(Invited) Bipolar Membrane Electrolysis for CO2 to Ethylene

Abstract

Carbon dioxide conversion systems are important to drive down the cost of carbon capture through the creation of valuable products. However, how to integrate carbon capture with carbon conversion devices is not yet clear. Bipolar membrane electrolyzers have attracted significant interest as a device which is compatible with carbon capture, as these systems can operate with bicarbonate and carbonate-based solutions. In a bipolar membrane electrolyzer, carbonate is converted to carbon dioxide through a pH swing process driven by water dissociation within the bipolar membrane. However, balancing the rate of water dissociation, carbon dioxide production, and carbon dioxide electrocatalysis remains a critical challenge. Furthermore, steering carbon dioxide electrocatalysis toward a specific high value product such as ethylene is unclear.Here, we set out to examine the activity of Cu, Ag and CuAg catalyst in a carbonate electrolysis system. Cu is a unique metal catalyst and has previously shown the capacity to generate multi-carbon products such as C2H4 and C2H5OH within gas phase anion exchange membrane electrochemical cell. Cu-based catalysts are however known to suffer sluggish C–C coupling kinetics which is a requirement for C2+ product formation. To overcome this challenge, bimetallic are used. For instance, through introducing a known CO-producing catalyst such as Au and Ag with Cu one can perform a cascade reaction.

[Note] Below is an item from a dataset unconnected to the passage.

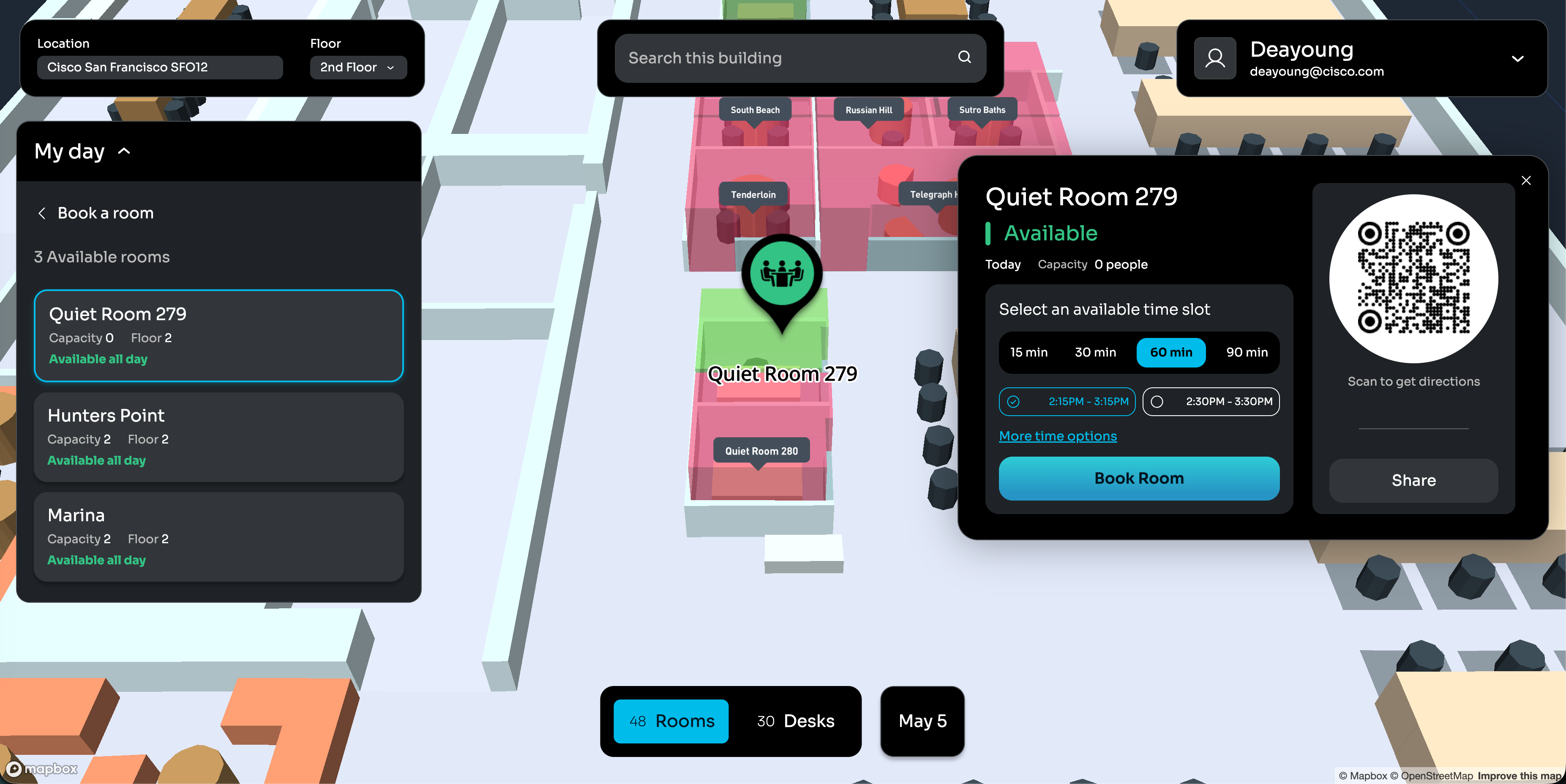 Space Explorer Web App - Room Booking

This tandem strategy can enhance performance of multi-carbon products by increasing the coverage of *CO intermediates, known as an important intermediate for C–C coupling, on the Cu surface. Thus, here we will detail a set of experiments aimed at discerning the selectivity of a bipolar-membrane electrode assembly cell which contains Cu, Ag, and Cu-Ag bimetallic electrocatalyst. We examine the impact of temperature, catalyst loading, and system operations. We also will briefly discuss technoeconomic considerations.